Originally Posted by *Maxine45* 
I started talking to him about space bubbles yesterday but didn't get very far.
me: "you know what bubbles are?"
him: "yes"
me: "what are they?"
him: "they're for POPPING!!!"

.











You know, I still have this issue with my 10 year old. I've tried to invoke the bubble thing as well. The concept he gets, he just doesn't understand why anyone would want a space bubble around them. <sigh>


----------



## Ruthla (Jun 2, 2004)

This is a challenge in my family too. DD2 has an exceptionally high need for personal space, DD1 has an average need, and DS has a less than average need for space. He DOES understand the concept of "personal space", but he easily forgets just how much space his sisters need, because he doesn't have those same needs! There are moments when he wants to be left alone, but far more often he wants to get close, touch, stand inches away from me, etc.
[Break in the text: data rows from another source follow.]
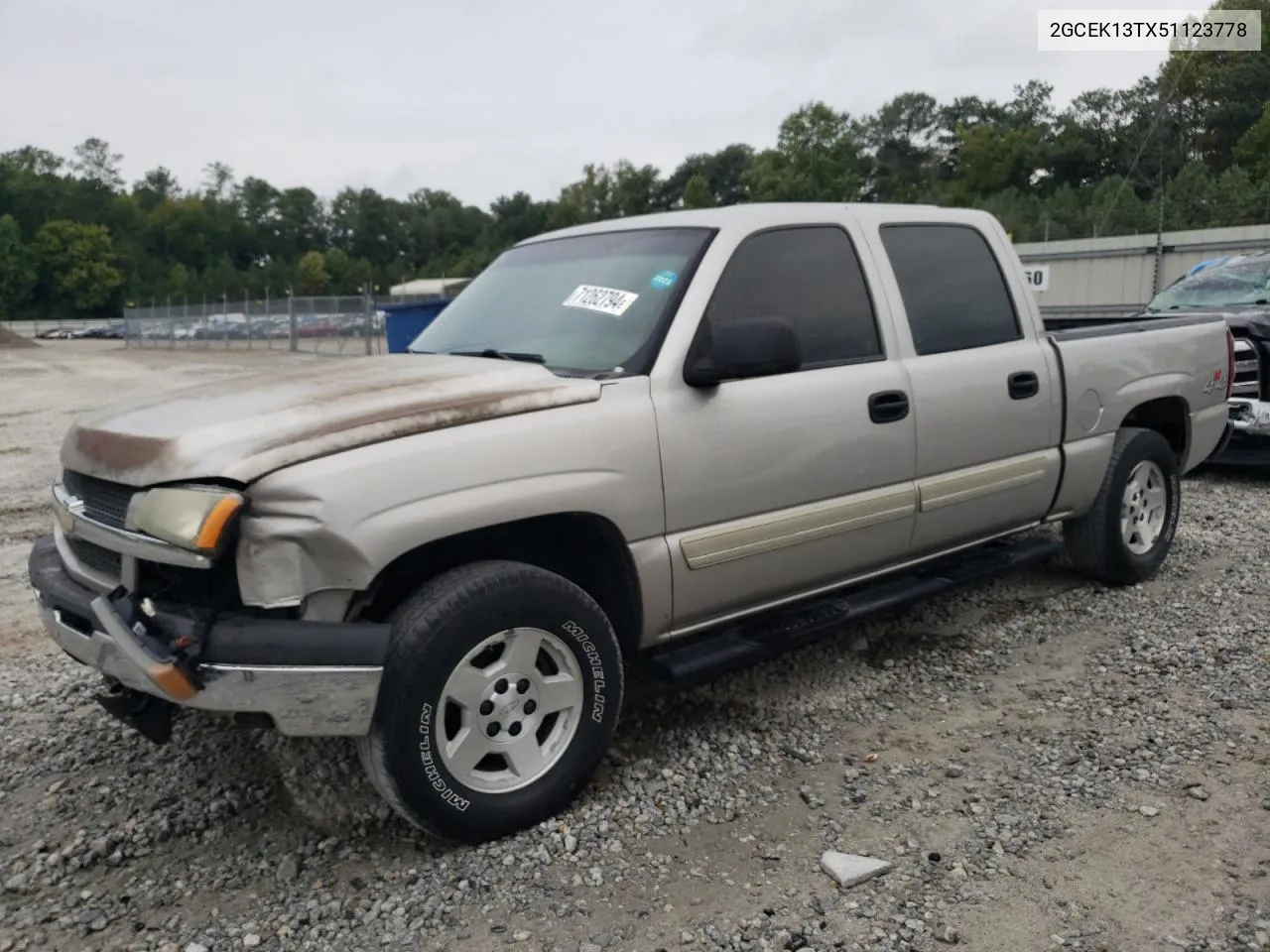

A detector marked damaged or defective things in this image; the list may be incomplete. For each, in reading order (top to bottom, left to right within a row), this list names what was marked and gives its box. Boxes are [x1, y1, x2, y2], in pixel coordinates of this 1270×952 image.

headlight damage [130, 488, 247, 555]
dented hood [62, 353, 607, 488]
damaged chevrolet silverado [30, 204, 1238, 845]
damaged chevrolet silverado [1143, 251, 1270, 462]
cracked front bumper [28, 536, 387, 738] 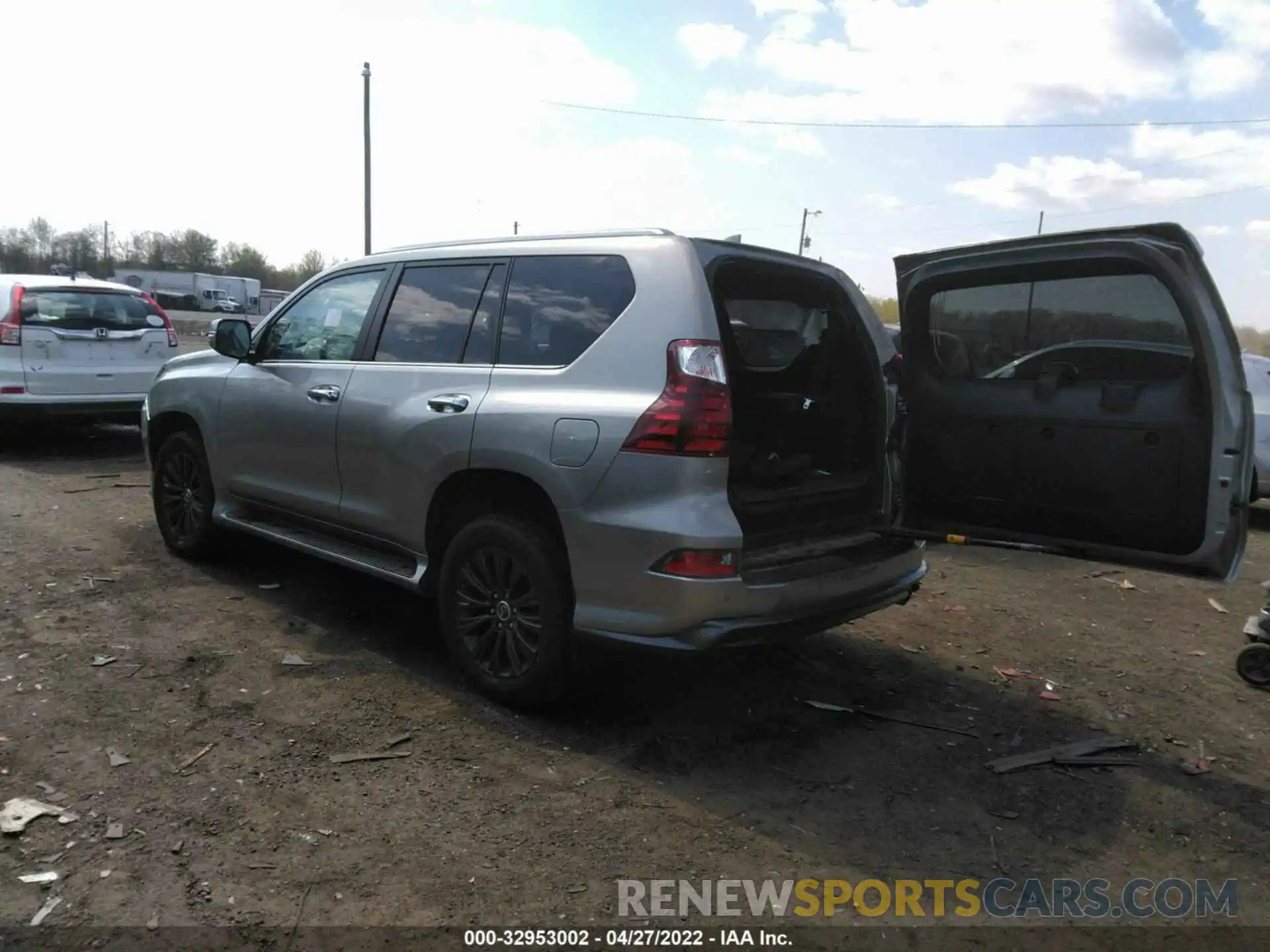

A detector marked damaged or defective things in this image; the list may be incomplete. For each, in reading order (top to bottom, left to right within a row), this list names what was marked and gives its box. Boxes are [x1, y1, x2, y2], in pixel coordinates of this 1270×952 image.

At least I've finally taught him that I don't like to hug while I'm eating!

I personally think that the "personal bubble" is kind of a weird way to explain this concept. "You're too close, give her some space" or "You're too close, she doesn't like that" just logically makes more sense than "personal bubble". I mean, you can't SEE this "bubble", it's not _really_ there!


----------



## Autumn C. (Jul 30, 2008)

Quote:


Originally Posted by *Ruthla* 
There are moments when he wants to be left alone, but far more often he wants to get close, touch, stand inches away from me, etc. At least I've finally taught him that I don't like to hug while I'm eating!


Mine too! I feel like he's going to take the food _from my mouth_ he gets so close!


----------